Dinner ended after 9 and since our anti-sick patches were making us tired we headed to bed around 11, having crossed the 60th degree south, or the official border to Antarctic waters. Only one more day - bets for the coordinates of the first iceberg sighting are still being accepted until tomorrow noon.
There was no waking up for the sunrise today - we were both sleeping very soundly, despite napping pretty much every opportunity we had. I guess the anti-sickness patch is contributing to this tiredness as well. Being the dork that I am, as soon as I was woken up by Bill, the tour leader, over the intercom I grabbed the video camera and started recording, hoping to catch the crew's "morning show" - after 10 minutes of holding the camera pointed at the speaker not only was I tired, but also out of tape - and of course the announcements came just as I was changing the tape.
much for the adventures of the day - there was dense fog outside, not much to
look at. So we attended other presentations, had lunch, and napped some more.
After the mandatory safety and preservation talk we got to pick our life jackets
and rubber boots for the upcoming excursions, and just when we sat down to write
these lines (and in my case to process the select few raw images) the
announcement of an incoming iceberg was made. At once everyone scrambled and
inquired where again 1:30 o'clock was. But with the berg 14 miles away there was
still plenty of time to enjoy the hot tea and process a few more pictures.
Meanwhile, being the only notable event of the day, pretty much all passengers found themselves on deck looking at the iceberg, happily snapping away at this grey boring piece of ice in the distance, hardly recognizable from the background thanks to still rather dense fog.
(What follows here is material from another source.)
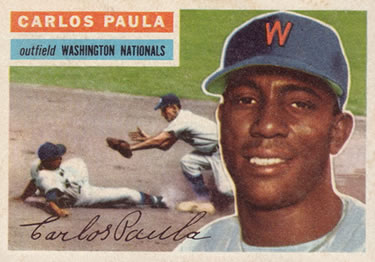 1956 Topps #4 Carlos Paula Front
Even when the next icebergs showed up an hour later, in steadily increasing numbers, it was a very special thing for most of us. I of course pointed the 300/2.8 at it and got a collection of maybe 15 almost identical pictures of the same piece of ice, not very clear pictures at that, but hey, icebergs!
A quick mention should be given to personal hygiene on board. Since we are on a "rugged" vacation nobody seems to be overdoing it, especially not people like us living in steerage, who don't have private baths. However, private bath or not, once you venture into the shower you will be dramatically reminded that you are on a ship on high seas. You have to hold on with at least one hand (handles are provided), or simply keep bouncing between the walls (not recommended as it's painful). For the boys among us there are other problems, mainly having to do with precision aiming, not unlike visiting the lavatory on an airplane flying through severe turbulence. Nuf said.
For tomorrow the schedule calls for crossing of the Antarctic Circle in the early morning, and for the first excursions in the afternoon. So the deck is pretty much clear of people as most are trying to get an extra ration of sleep.